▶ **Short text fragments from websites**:
--------------------

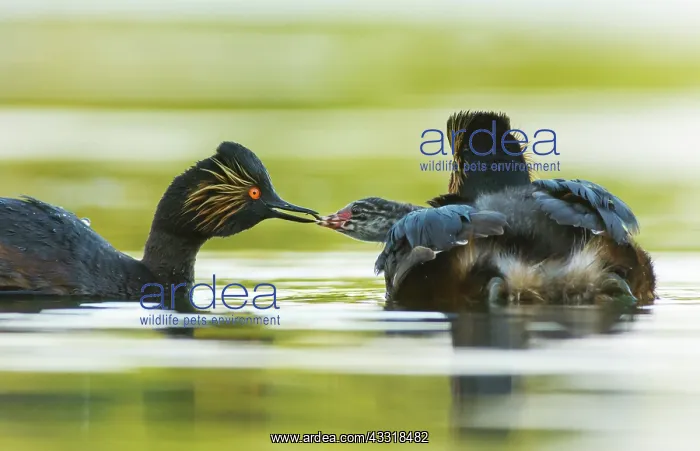 : Black-necked Grebe : Black-necked Grebe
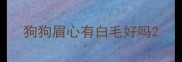狗狗眉心有白毛好吗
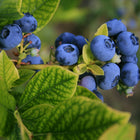 Yogurt - Blueberry Lavender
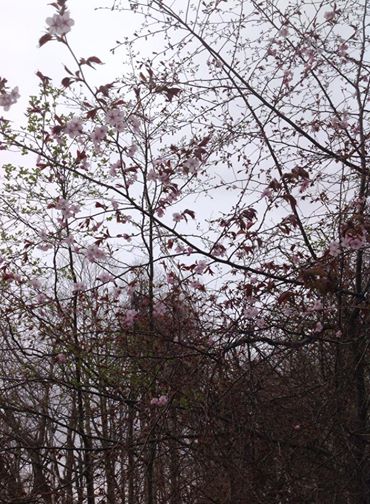 緑風園の桜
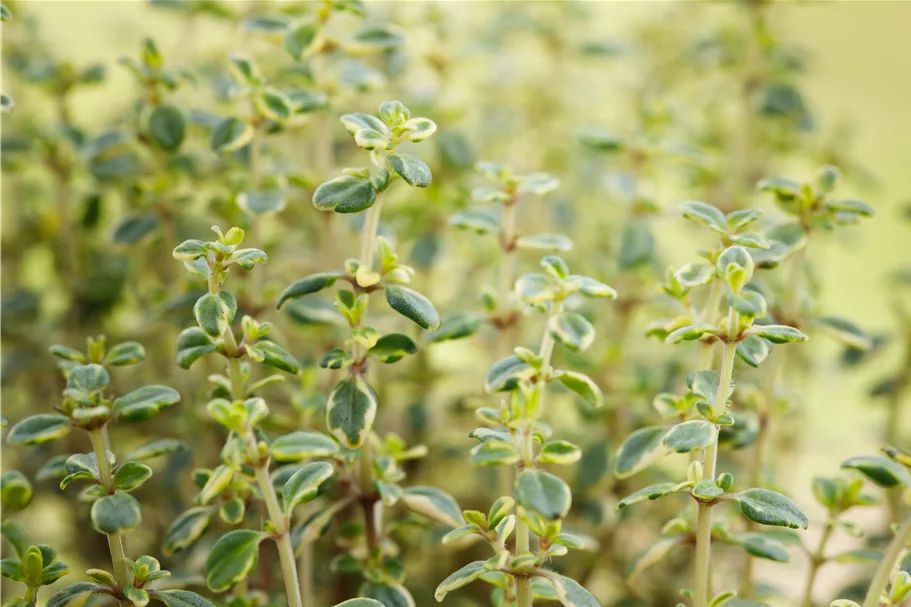 Thymus x citriodorus 'Doone Valley'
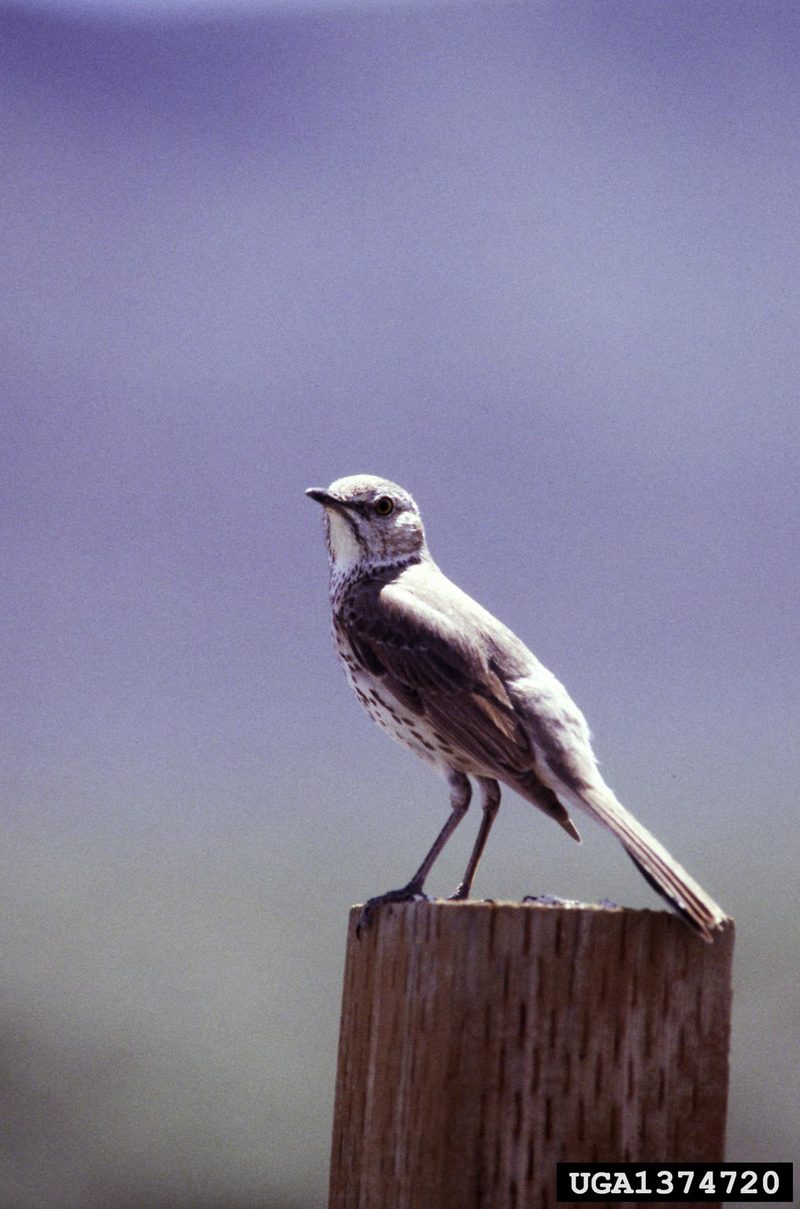 Sage Thrasher (Oreoscoptes montanus) {!--가슴줄무늬지빠귀사촌-->; DISPLAY FULL IMAGE.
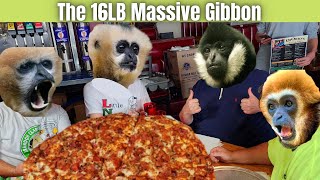 The Massive Gibbons 16LB Pizza Challenge at Diorio's Pizza & Pub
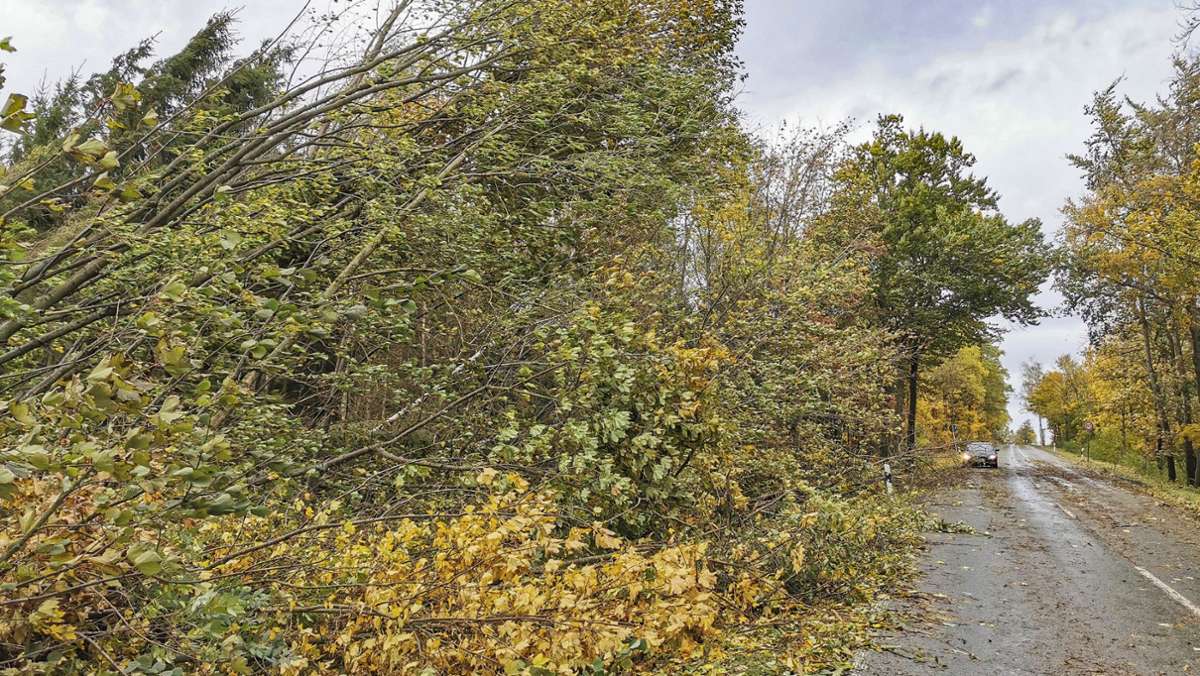 Sturm über Hochfranken: „Hendrik“ wütete in der Region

--------------------

▶ **EXERCISE DETAILS**: Please set down the records exactly, and keep every image out of the copy.

▶ **ANSWER SECTION**:
 : Black-necked Grebe : Black-necked Grebe
狗狗眉心有白毛好吗
 Yogurt - Blueberry Lavender
 緑風園の桜
 Thymus x citriodorus 'Doone Valley'
 Sage Thrasher (Oreoscoptes montanus) {!--가슴줄무늬지빠귀사촌-->; DISPLAY FULL IMAGE.
 The Massive Gibbons 16LB Pizza Challenge at Diorio's Pizza & Pub
 Sturm über Hochfranken: „Hendrik“ wütete in der Region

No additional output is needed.